Thursday, June 10, 2004

where do we go when we die?

One major area of disagreement I have with traditional/folkloric Buddhist notions of rebirth is with regard to there being a coherent continuity of self passed from one body to another. Buddhists differ from Hindus in how they conceive of this process. For most Hindus (who will use the term "reincarnation"), there is a solid, unchanging, unchangeable atman that merely receives new vestments in a different body. For Buddhists (who prefer to speak of "rebirth"), there is no fundamental atman, but the mental/psychological aggregates that form a person can be said to have continuity beyond one's death. Just as a stream has a certain distinctness but no fundamental permanence, so it is with the personal aggregates that pass onward from life to life.

For me, this is problematic. To the extent that the no-self doctrine is an analogy rooted in the physical nature of things, then it should be obvious that living things scatter once they die. The process of deterioration may take some time; softer tissues, for example, deteriorate more quickly than bones. But the end is the same: scattering, remixing, recycling. My feeling is that, if we take the physical world seriously and want to construct a solid afterlife analogy, then we can't justify the idea that something of ourselves continues coherently onward into another life.

Many Western Buddhists, especially those who've converted from Christianity and who are already predisposed to dislike the folkloric "hocus-pocus" found in some Christian circles (faith healing, miracles, passing around statues of the Blessed Virgin, "travel mercies," etc.), take this attitude with them into their Buddhism and, as part of their practice, reject a literal interpretation of the notion of rebirth, perhaps putting this question aside as unfathomable or irrelevant. Hyon Gak sunim has, in previous dharma talks, neatly avoided this question by emphasizing that such speculation isn't necessary: in worrying about one's karma, it's enough to focus on what's going on here and now. My suspicion is that Hyon Gak is a nonliteralist when it comes to the metaphysics of rebirth, but it's only a suspicion. If he is a nonliteralist, I think he's right to be so.

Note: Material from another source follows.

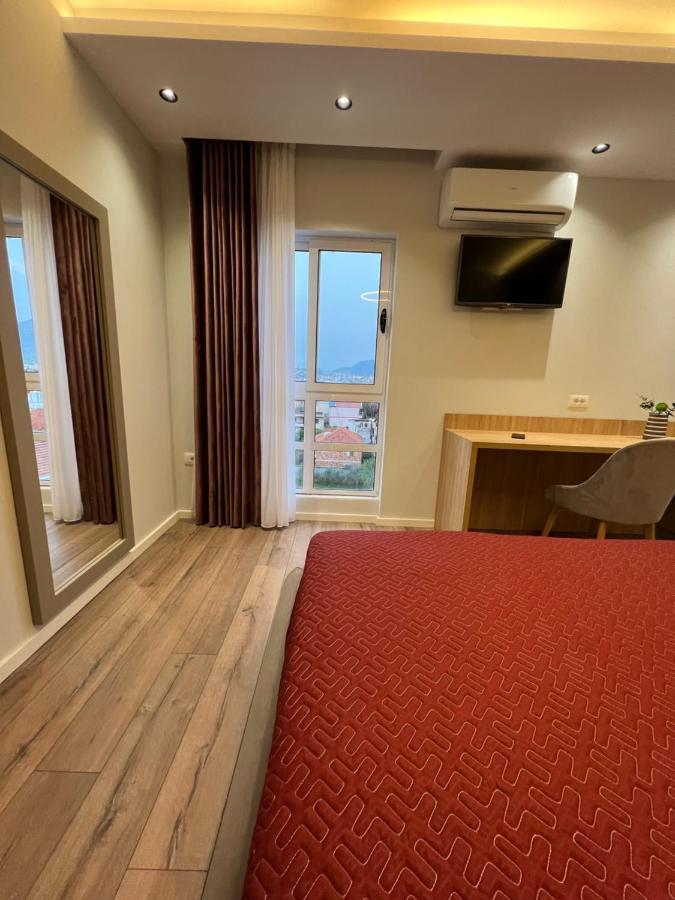 Erg Apartments Tiranë Luaran gambar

Where do we go when we die?

Do you really want to know what I think?

I think we scatter. I think consciousness is an epiphenomenon, arising out of a certain arrangement of matter. I don't think there's any hard evidence for disembodied consciousness, for anything that continues to exist after my physical body dies and decays, and what's more, I think this is right and good. I think this is the answer to the question "who attains nirvana?", as well as the answer to the Christian conundrum of whether we're headed to heaven or hell or purgatory. We're headed back into the great, recycling Tao, folks. And since we were always part of this Tao, just as an ocean wave never stops being composed of ocean water, then I can agree with Thich Nhat Hanh's observation that we were always here to begin with, and will always be here. There is nothing not-Tao.

I plan to comment on Nhat Hanh's The Heart of Understanding in a bit; it's a tiny book and I'm almost done reading it.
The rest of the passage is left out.